Think an intersection is fun?

I'm going to build one for a four lane track...

*snicker*


----------



## tjd241 (Jan 25, 2004)

*YES!.... do tell.*

It would be interesting to find out if anyone has run on this yet!!! nd


----------



## Grandcheapskate (Jan 5, 2006)

old blue said:


> The DOH set has two 90 degree intersections which allow for some fun close calls as well as allowing you to have a flat track you can mount to a board.
> 
> Old Blue


 Well, that is cool. Okay, now the big question --- did they use a little imagination/innovation and make a 3" square intersection, so you could put many of them next to each other to make multi-lane crossings, or did they make an intersection like we've almost always seen it - the crossing of two 9" straights?

Thanks...Joe


----------



## JordanZ870 (Nov 25, 2004)

The intersection is the 9x9 straights.

http://www.autoworldslotcars.com/product_detail.aspx?id=1922

Have a peek!


----------



## tjd241 (Jan 25, 2004)

*Dang...*

Why the graphics??  ...... that's kinda disappointing. Even when I was a kid I didn't dig the cartoony special effects. Wonder if a plain one could be had? nd


----------



## win43 (Aug 28, 2006)

With all the graphics it looks more like a LifeLike clone


----------



## dlw (Aug 17, 1999)

The graphics are meant to appeal to kids. I would've liked to have seen AW repop the police car mechanism (for Roscoe's or any other cop cars)..... kids are drawn to lighted cars.


----------



## videojimmy (Jan 12, 2006)

they should make a four lane verison of the intersecton. The layout looks kinda fun though


----------



## roadrner (Jul 21, 1999)

videojimmy said:


> they should make a four lane verison of the intersecton.


vj,
Could you imagine? Oh the carnage! No pun intended.  rr


----------



## vaBcHRog (Feb 19, 2003)

I broke down and ordered one. I am going to use it at work for our Christamas Window Decorating Contest  I'll get some pictures and let you know how it goes

Roger Corrie


----------



## noddaz (Aug 6, 1999)

*Roger? Did you...*

Did you order it from AW?

Because if you did you can get...

*HOLIDAY SPECIAL!* Buy the Dukes of Hazzard Electric Slot Racing Set between now and December 31st, 2007 and receive *FOUR FREE X-TRACTION MYSTERY RACERS!* Use Promotion Code:* HOLIDAY* (case sensitive) in your shopping cart! 

Later...

Scott


----------



## TK Solver (Mar 18, 2004)

I see that they put an extra traction magnet in the available chassis slot. That's a lot of pull so those cars should stay on the track pretty well. I wonder if they'll go with coil springs or beam springs for the pick-up shoes. Less loose parts to fly around after those crashes. Maybe I'll get one and do a "Road America GTP Demo Derby" and see which car keeps its wing the longest. That was hard to even type let alone think about...


----------



## Grandcheapskate (Jan 5, 2006)

videojimmy said:


> they should make a four lane verison of the intersecton. The layout looks kinda fun though


 That was the point I raised before about doing a 3" intersection rather than two crossing 9" straights. With a 3" intersection, you can have as many lanes crossing as you want.

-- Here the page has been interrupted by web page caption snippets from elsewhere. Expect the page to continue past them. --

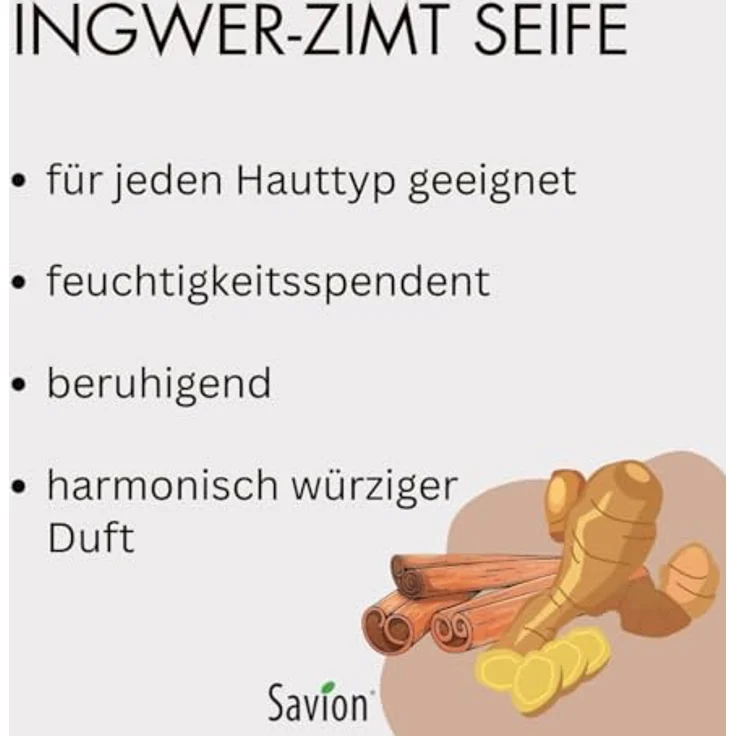 Savion Ingwer-Zimt Körperseife, Würzige Pflanzenölseife, Palmölfrei, Vegan, Tierversuchsfrei, 80g – Bild 3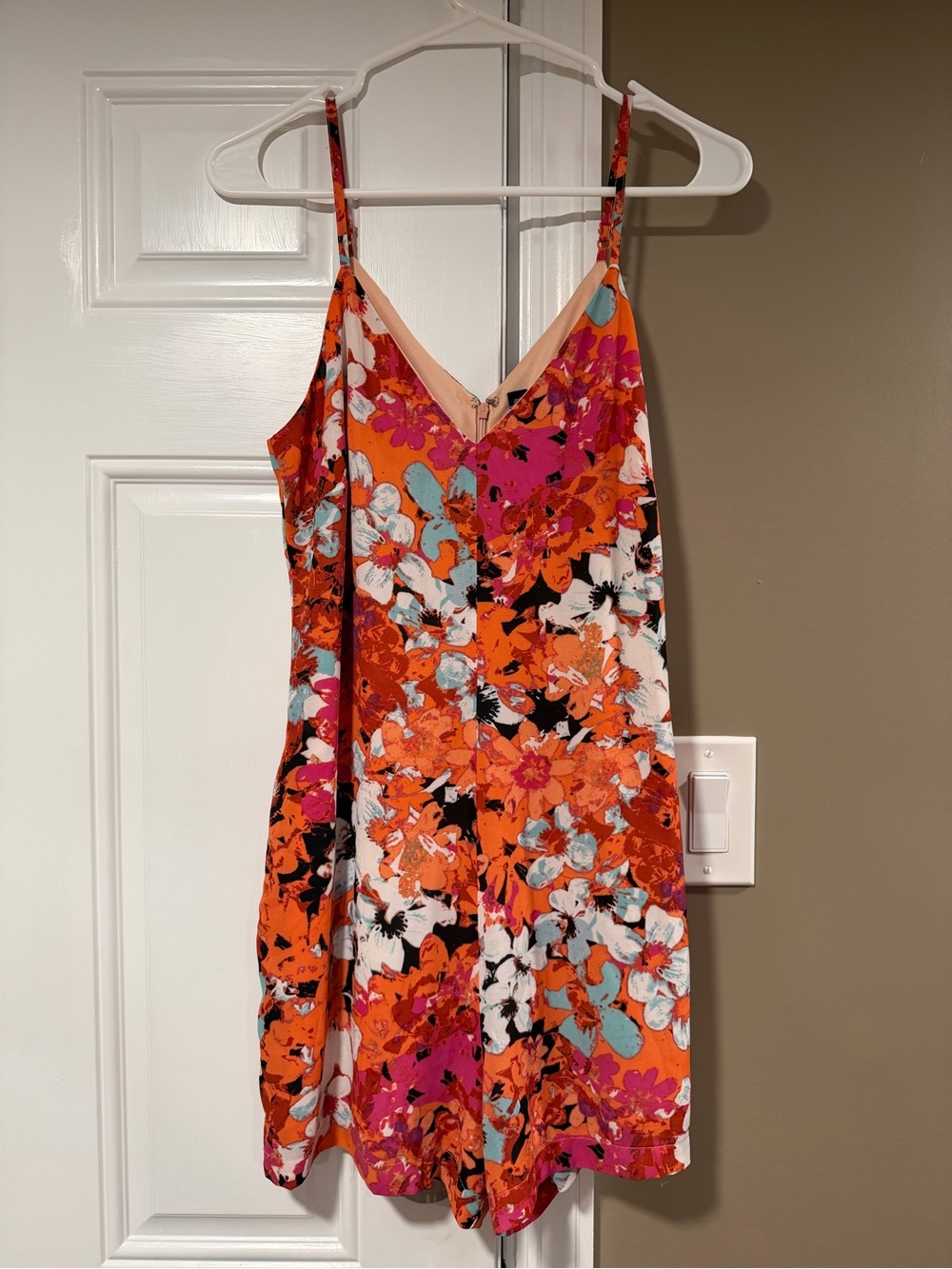 Design Lab Lord & Taylor Orange Pink Floral Spaghetti-Strap Mini romper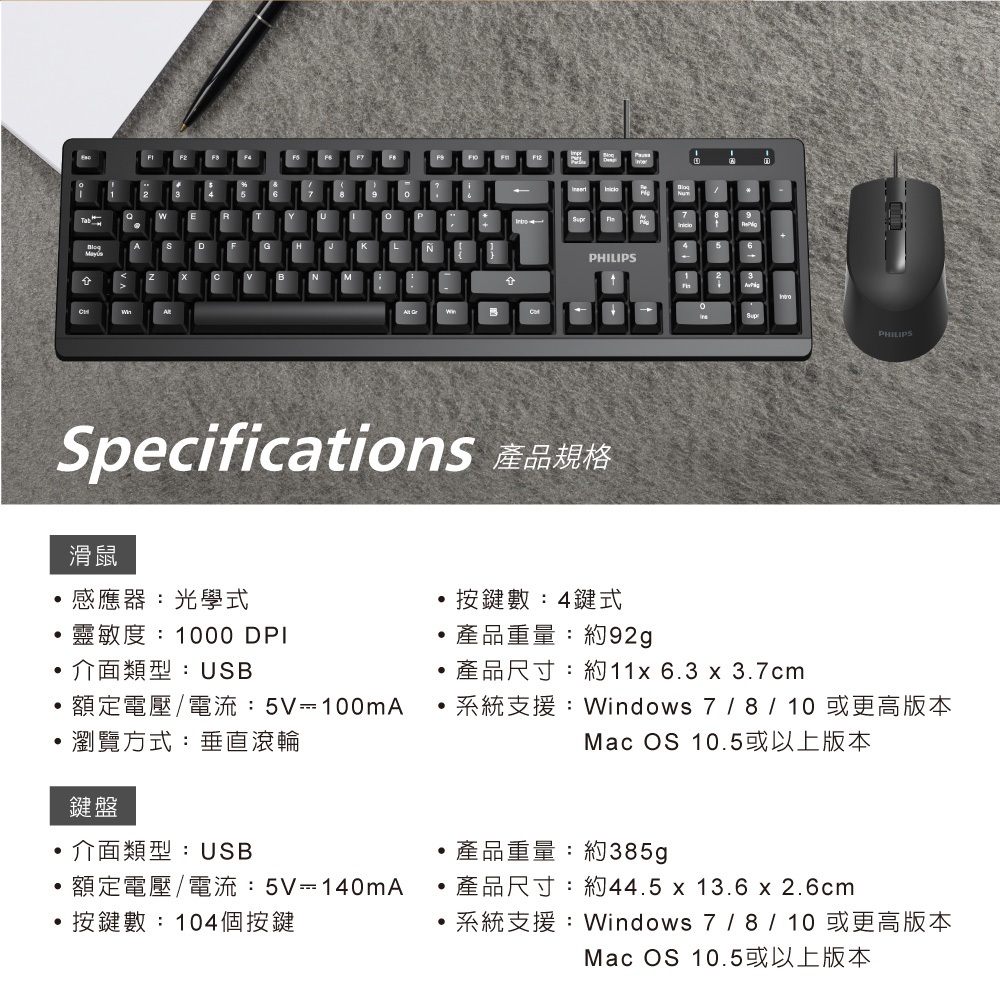 PHILIPS SPT6234 有線鍵鼠組 鍵盤104鍵 低噪音舒適鍵 人體工學滑鼠 光學感應 USB即插即用, , large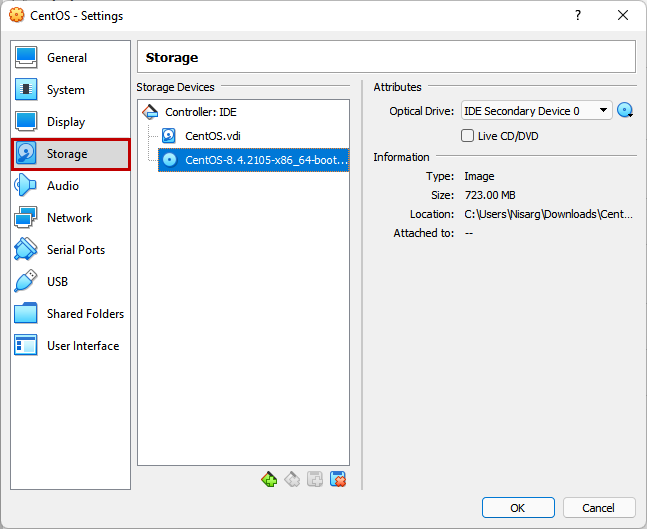 Disk image of CentOS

The lack of imagination and innovation by all manufacturers is so disappointing.

Joe


----------



## Scafremon (Dec 11, 2006)

Grandcheapskate said:


> With a 3" intersection, you can have as many lanes crossing as you want.


On the other hand, with the 9" intersection, you get 12" of additional track!


----------



## Mark Hosaflook (Jan 5, 2001)

We ran the DOH track at Autofest for two days straight. There was one dead spot in it at first but like any track system we worked it out and after a little running there were no isues at all. For tricks and giggles the squeeze stuff is fun and the intersection is cool but if you were doing real racing it would be tiresome, especially the squeeze stuff.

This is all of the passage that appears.